Mesmo assim, ela recusava o procedimento e o conforto que ele lhe traria, e no dia marcado, para que a cura fosse administrada, foram necessários quatro cientistas e várias agulhas cheias de tranquilizantes antes dela vir a submeter-se; antes dela parar de arranhar com suas longas e afiadas unhas, que não eram cortadas por semanas, e gritando e praguejado e chamando por Thomas. Eu assisti eles virem por ela, para levá-la ao laboratório; eu sentei num canto, apavorada, enquanto ela cuspia e chutava, e eu pensava em minha mãe e meu pai.

Naquela tarde, embora eu ainda estivesse a mais de uma década longe da segurança, eu comecei a contar os meses antes de meu procedimento. No final minha irmã estava curada. Ela voltou para mim gentil e contente, suas unhas impecáveis e arredondadas, seu cabelo puxado para trás em uma longa trança grossa. Vários meses mais tarde, ela estava prometida para um técnico de TI, mais ou menos da sua idade, e várias semanas depois de sua formatura na faculdade eles se casaram; suas mãos juntas frouxamente sob um dossel, ambos olhando direto para frente, com um futuro que não será danificado pela ansiedade, pelo descontentamento ou pela discórdia, um futuro de dias idênticos, como uma série de bolhas sopradas de modo ordenado.

Thomas estava curado também. Ele está casado com Ella, uma vez a melhor amiga da minha irmã, e agora todo mundo está feliz. Sofia me contou há poucos meses que os dois casais frequentemente veem um ao outro nos piqueniques e eventos da vizinhança, visto que eles moram razoavelmente próximos um do outro na East End. Os quatro se sentam, mantendo uma educada e tranquila conversa, com nenhuma só centelha do passado para agitar a calmaria e a perfeição do presente.

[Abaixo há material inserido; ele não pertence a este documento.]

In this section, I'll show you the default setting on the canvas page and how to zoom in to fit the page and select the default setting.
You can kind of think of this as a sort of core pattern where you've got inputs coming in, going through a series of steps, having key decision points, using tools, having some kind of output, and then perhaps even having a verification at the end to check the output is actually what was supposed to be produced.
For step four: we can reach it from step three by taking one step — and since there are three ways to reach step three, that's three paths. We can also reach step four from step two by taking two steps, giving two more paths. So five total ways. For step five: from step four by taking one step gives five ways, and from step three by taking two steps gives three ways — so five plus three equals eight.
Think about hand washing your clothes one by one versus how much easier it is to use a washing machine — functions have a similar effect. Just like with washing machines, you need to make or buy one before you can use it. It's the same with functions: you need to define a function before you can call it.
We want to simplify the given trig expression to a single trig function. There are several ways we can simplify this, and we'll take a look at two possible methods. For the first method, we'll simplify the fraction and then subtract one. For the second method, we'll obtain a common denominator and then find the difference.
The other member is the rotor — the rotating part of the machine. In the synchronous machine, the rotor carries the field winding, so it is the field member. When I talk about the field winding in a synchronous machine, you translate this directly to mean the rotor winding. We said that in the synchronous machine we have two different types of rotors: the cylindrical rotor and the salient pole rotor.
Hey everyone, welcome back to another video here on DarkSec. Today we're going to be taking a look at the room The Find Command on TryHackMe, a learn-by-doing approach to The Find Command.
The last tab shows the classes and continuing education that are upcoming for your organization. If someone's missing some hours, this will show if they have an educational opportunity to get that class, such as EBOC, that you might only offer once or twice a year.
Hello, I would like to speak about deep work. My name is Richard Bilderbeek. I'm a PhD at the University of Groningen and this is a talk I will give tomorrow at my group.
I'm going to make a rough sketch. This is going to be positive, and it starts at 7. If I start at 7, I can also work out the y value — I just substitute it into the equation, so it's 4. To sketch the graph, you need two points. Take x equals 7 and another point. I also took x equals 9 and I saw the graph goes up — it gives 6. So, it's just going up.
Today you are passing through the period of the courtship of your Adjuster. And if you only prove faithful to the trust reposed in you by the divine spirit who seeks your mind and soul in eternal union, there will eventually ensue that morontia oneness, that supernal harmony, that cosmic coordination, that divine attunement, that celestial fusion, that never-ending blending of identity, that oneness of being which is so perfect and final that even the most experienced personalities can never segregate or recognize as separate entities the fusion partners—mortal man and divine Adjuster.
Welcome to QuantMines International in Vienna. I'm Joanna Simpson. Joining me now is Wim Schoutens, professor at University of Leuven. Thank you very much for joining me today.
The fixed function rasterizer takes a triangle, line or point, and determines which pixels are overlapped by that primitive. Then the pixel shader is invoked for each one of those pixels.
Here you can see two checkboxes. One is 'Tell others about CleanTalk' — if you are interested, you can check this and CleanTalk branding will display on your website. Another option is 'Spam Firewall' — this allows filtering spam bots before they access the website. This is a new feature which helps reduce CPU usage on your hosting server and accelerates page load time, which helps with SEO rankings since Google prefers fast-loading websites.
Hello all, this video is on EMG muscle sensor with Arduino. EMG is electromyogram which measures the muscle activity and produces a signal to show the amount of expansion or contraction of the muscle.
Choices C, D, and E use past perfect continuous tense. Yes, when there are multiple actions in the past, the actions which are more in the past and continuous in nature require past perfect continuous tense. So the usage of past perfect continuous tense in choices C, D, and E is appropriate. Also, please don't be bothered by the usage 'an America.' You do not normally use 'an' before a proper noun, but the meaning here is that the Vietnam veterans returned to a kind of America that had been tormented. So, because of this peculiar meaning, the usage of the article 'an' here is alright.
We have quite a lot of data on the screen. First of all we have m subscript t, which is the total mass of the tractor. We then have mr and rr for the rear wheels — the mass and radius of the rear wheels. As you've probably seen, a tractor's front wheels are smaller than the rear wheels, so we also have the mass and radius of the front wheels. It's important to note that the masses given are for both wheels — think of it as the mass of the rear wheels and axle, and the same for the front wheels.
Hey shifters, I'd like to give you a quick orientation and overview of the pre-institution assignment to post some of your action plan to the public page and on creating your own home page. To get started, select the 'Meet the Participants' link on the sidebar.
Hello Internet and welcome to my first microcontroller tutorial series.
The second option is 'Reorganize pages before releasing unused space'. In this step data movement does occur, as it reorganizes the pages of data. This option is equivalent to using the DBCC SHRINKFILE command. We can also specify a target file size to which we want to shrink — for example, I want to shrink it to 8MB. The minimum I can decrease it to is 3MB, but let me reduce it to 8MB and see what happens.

Essa é a beleza da cura. Não há uma menção aqueles dias quentes perdidos no campo, quando Thomas beijava Sofia, que era desligada, e inventavam mundos apenas para que ele pudesse prometer-lhes a ela, quando ela dilacerou a pele de seus próprios braços com o pensamento de viver sem ele. Eu estou certa de que ela está embaraçada por aqueles dias, se ela se lembrar deles de qualquer modo. Verdade, eu não a vejo com frequência agora, somente uma vez a cada dois meses, quando ela lembra que deveria fazer uma visitinha e desta forma eu acho que você poderia dizer que mesmo com o procedimento eu perdi um pouco dela. Mas este não é o ponto. O ponto é que ela está protegida. O ponto é que ela está segura.

Eu vou contar a você outro segredo, este é um para seu próprio bem. Você pode pensar que o passado tem alguma coisa para contar a você. Você pode pensar que você deve ouvir, deve esforçar-se para perceber os sussurros, deve fazer todo o possível, inclinar-se para ouvir sua voz sussurrando sobre a terra, para os lugares mortos. Você deve achar que existe alguma coisa dele dentro de você, alguma coisa para entender ou fazer sentido.